### PROBLEM REQUIREMENTS
When the line containing "Pantalones cortos informales" is found in the data below, copy it and each line after it through the line containing "12 Pack Circuit", exactly and with no others.

Content starts

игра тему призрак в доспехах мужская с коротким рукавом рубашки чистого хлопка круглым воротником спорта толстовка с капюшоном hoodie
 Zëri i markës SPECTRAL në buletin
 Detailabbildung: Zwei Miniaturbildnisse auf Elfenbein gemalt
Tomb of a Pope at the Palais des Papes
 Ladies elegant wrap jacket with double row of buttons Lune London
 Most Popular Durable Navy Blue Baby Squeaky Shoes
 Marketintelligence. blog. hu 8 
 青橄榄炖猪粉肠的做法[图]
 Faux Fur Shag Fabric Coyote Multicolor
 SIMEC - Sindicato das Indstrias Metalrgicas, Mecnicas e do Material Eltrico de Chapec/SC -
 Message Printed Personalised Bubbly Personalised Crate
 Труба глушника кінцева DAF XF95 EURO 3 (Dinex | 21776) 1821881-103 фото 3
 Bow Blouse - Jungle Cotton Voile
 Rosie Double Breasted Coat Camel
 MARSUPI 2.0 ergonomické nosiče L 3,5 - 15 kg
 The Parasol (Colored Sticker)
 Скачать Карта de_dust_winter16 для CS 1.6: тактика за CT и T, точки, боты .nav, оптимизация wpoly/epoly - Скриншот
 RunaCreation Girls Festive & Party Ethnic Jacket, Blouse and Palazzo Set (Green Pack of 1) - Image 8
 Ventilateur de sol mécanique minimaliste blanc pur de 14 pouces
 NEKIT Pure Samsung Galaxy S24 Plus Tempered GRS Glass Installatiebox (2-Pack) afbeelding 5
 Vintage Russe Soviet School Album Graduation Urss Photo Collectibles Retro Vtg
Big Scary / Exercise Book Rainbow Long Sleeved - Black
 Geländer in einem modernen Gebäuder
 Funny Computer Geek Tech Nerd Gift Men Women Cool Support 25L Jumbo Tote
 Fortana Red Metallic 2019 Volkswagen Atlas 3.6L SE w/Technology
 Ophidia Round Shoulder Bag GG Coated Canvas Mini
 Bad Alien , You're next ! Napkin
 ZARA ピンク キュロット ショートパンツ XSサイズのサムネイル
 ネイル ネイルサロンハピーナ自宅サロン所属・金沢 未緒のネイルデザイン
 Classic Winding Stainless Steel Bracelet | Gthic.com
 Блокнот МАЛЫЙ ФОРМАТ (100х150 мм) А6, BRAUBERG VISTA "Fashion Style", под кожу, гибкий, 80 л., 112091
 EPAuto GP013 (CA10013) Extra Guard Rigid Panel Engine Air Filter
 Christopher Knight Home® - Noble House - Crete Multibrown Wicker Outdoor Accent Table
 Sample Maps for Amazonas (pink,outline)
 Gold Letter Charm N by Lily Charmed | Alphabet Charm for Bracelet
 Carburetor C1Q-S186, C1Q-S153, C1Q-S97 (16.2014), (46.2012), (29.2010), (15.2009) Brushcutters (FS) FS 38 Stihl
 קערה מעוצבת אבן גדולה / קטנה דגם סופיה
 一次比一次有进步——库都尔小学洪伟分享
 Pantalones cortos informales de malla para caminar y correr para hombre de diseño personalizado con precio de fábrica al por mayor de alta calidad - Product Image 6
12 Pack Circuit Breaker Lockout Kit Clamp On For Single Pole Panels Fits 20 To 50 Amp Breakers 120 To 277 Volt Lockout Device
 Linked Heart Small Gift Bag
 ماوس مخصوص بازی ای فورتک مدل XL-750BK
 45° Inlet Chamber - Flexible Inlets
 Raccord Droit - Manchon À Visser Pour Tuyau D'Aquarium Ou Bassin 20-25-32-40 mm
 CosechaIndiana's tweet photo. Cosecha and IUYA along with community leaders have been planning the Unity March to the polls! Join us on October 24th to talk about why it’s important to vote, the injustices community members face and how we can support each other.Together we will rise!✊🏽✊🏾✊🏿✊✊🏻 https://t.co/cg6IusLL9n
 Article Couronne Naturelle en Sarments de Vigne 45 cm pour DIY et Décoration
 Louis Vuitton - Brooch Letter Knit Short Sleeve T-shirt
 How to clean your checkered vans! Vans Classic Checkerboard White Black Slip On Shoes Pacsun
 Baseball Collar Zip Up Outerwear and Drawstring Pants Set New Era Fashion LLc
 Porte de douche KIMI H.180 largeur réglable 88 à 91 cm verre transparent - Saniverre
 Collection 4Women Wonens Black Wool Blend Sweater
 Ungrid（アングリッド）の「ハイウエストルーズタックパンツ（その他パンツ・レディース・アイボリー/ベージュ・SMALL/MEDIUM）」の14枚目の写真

Content ends

### SOLUTION TO THE PROBLEM
 Pantalones cortos informales de malla para caminar y correr para hombre de diseño personalizado con precio de fábrica al por mayor de alta calidad - Product Image 6
12 Pack Circuit Breaker Lockout Kit Clamp On For Single Pole Panels Fits 20 To 50 Amp Breakers 120 To 277 Volt Lockout Device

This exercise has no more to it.